Mr. Samir replied that they do not interfere much in the day to day decision making. They carry out a monthly evaluation of the businesses in their Board meetings and talk to the entrepreneurs on a weekly basis to monitor their progress.
2. What is the Outlook of VCs in times of recession?
Mr. Samir explained that recessions are the best times for entrepreneurship and hence also for VCs (e.g. because of lower salary expectations of the employees). He cited the example of great companies like Microsoft, Cisco and Dell that were conceived in recessionary times and went on to become giant MNCs and world leaders.
For VCs, the valuations are really attractive in recessionary times.
3. Why is IPO the preferred mode of exit?
The reply from Mr. Samir was that it leads to better price discovery and unleash more value than other modes like M & A.

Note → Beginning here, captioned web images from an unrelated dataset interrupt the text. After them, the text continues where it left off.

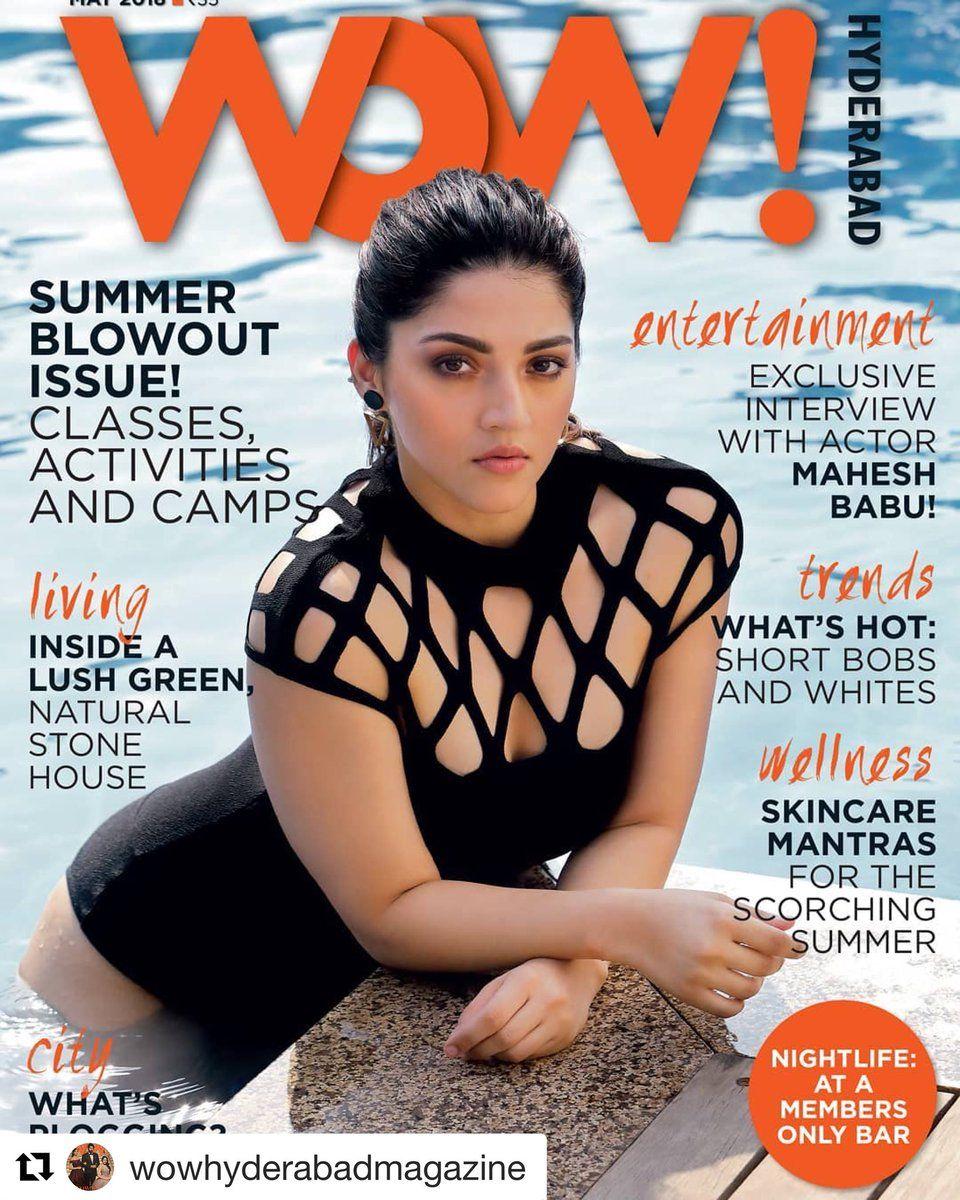 Mehreen’s Bikini Treat is WOW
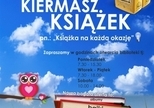 Zapraszamy do Biblioteki Publicznej na kiermasz książek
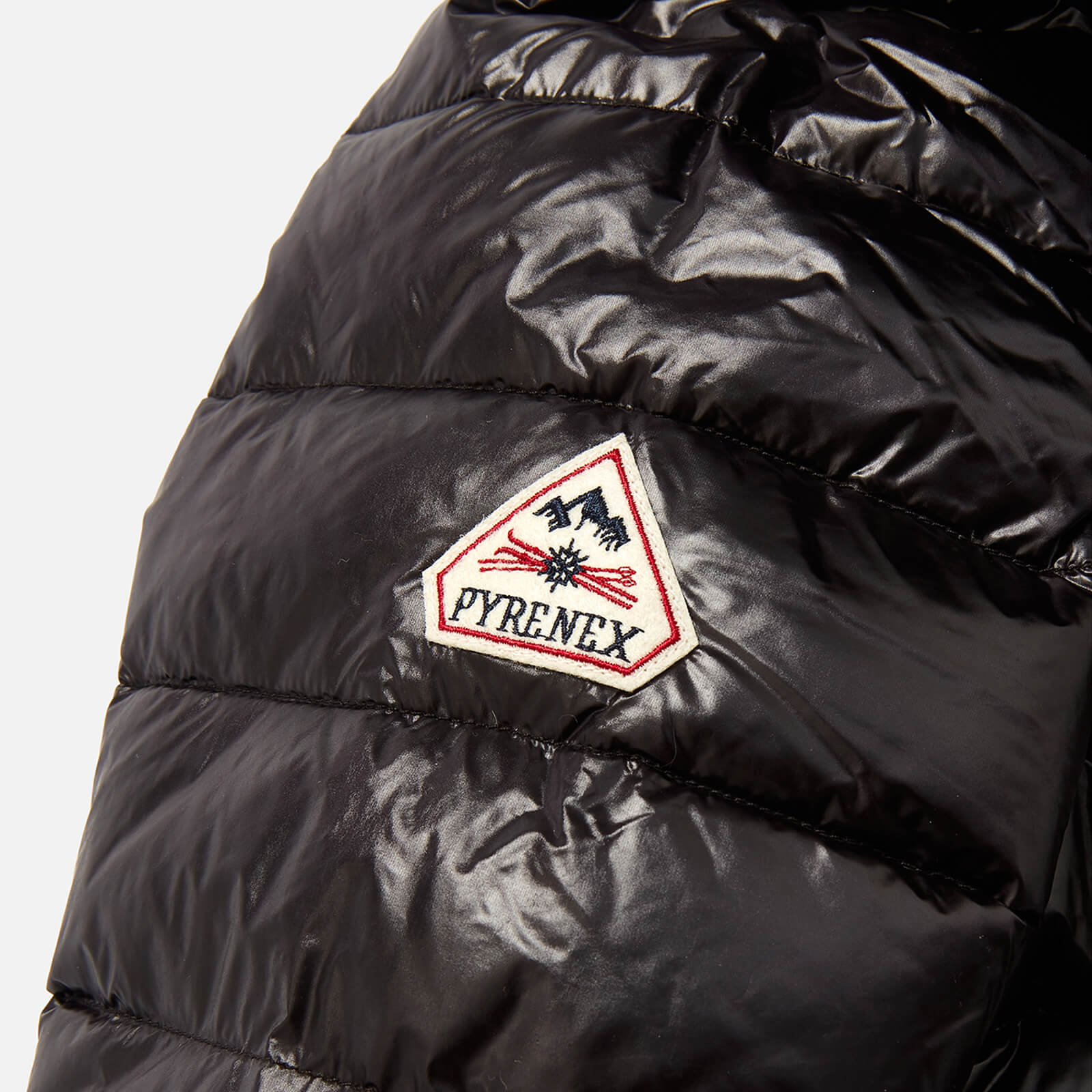 Girls black pyrenex store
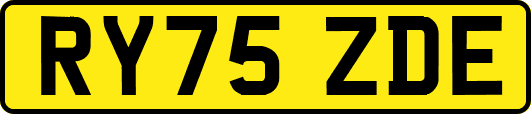 RY75ZDE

4. What kind of stake is held by the VCs in the businesses?
Mr. Samir replied that typically VCs hold 20% – 40% stake in the businesses. E.g.they would invest 1 crore out of the total capital of 4 crores, thus giving them a 25% stake and they expect that the company would grow upto 200 crores and their stake would be worth 50 crores.
5. How do VCs value the businesses, what kind of profit share are they looking for? What is the amount of reliance placed on the financial statements (especially in the context of Indian enterprises)?
To this Mr. Samir replied that there is no fix formula to value an enterprise. Usually they project the revenues of the company at the end of the investment horizon (i.e. when they want to exit) and use a earnings multiple of 10 times to calculate the value of the business at the end of the investment horizon and then discount it to find out how much do they need to invest at the beginning to get a return of 10 times their investment.
If this value is within their range, they go for it otherwise they drop it. Regarding the profitability, he answered that VCs typically take 20%-30% of the profits after they have managed to return the capital of their investors.
Mr. Samir told the audience that sometimes they don’t use the financial information given by the entrepreneurs and use their own estimates. Usually entrepreneurs tend to underestimate sales and marketing costs but have robust estimates of product development and engineering costs.
VCs consider this kind of problems while valuing businesses.
6. Can an enterprise have more than one VCs? What kinds of control problems are associated with it?
Mr. Samir replied that it is possible to have more than one VCs but there is the issue of “Too many cooks spoiling the broth”. So, it is essential for the entrepreneur to have sufficient stake (about 30%) and minimal interference from the VCs to ensure smooth operations.
The session was very engaging as well as enlightening for the audience.
This was evident from the participation exhibited by the audience and the session overshooting the allotted time limit and still leaving the audience wanting for more.
Mr. Samir spent a lot of time taking questions offline as well.